Order Overview: This page will have a simple overview of the order and its common characteristics.
Order Grid: The order grid will function similarly to the overview grid but the images will all be of families or genera from the order. Clicking on an insect will take user to the gigapan of the insect.
GigaMacro image: The GigaMacro insect images will overview information as well as characteristics marked and annotated on the image. This annotations will be separated into their level of specificity (Order, Family, Genera). When a user clicks on one of the marked interest points an overlay will appear with details about that feature. Annotation content could include text, photo, video,etc.
Global Features:

  • Inline dictionary, support novice users who do not understand scientific terms
  • Header with back and search

Student Program Overview:

After talking about the interface from the perspective of an adult training to be a science professional, we asked Joe Stavish, the Powdermill Nature Reserve Educator about the classes he teaches to middle and high school students and how the tool could fit into his context.
Program flow:
  • Step 1: Students go right outside, as a group they talk about stream ecology, and what they will find in the stream.
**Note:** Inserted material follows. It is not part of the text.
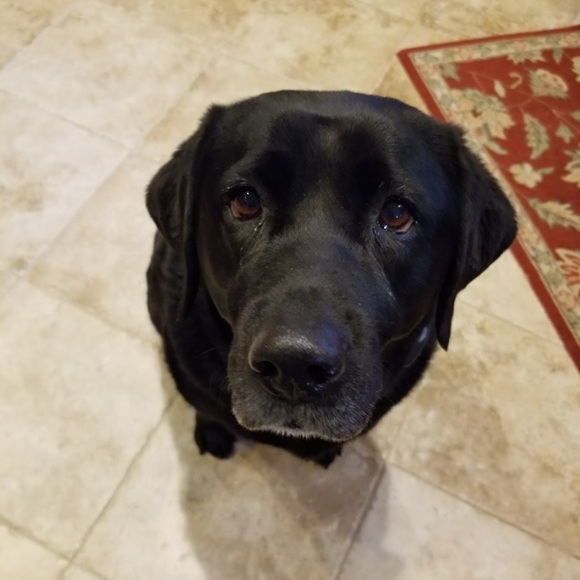 Meet the Posher Other - Meet your Posher, Samantha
They also talk about insect metamorphosis.
  • Step 2: In the stream, the students take water samples and test the chemical, temperature, and disolved CO2 levels.
  • Step 3: Go over process for collecting organisms
  • Step 4: 15-20 minutes of collecting, students are all given a hand strainer, a paintbrush, and a container to put their insects in.
  • Step 5: Students are split into groups of 5, and put their insects into a shared collection tub
  • Step 6: About 15 minutes of sorting. First sort is into 3 or 2 tails. Then the students use the Powerdermill Poster to try and identify the order and family of each insect.
  • Step 7: Once the insects are sorted, they count them and fill out a worksheet and talk about pollution tolerance value scores and what it means to find the insects they found.
  • Step 8: Return all insects to the stream
After gaining an understanding of how the current program works we discussed how our tool could fit into the program. Joe Stavish explained that it may not fit into the exact program that they currently run. But, he things the tool could make it possible to hold more specialized classes, that do a more in depth insect identification. He also said it could enable them to do more programs during the winter or if it is rainy and they can't go outside. We talked about how the tool could be used both with students and interested adults or university students.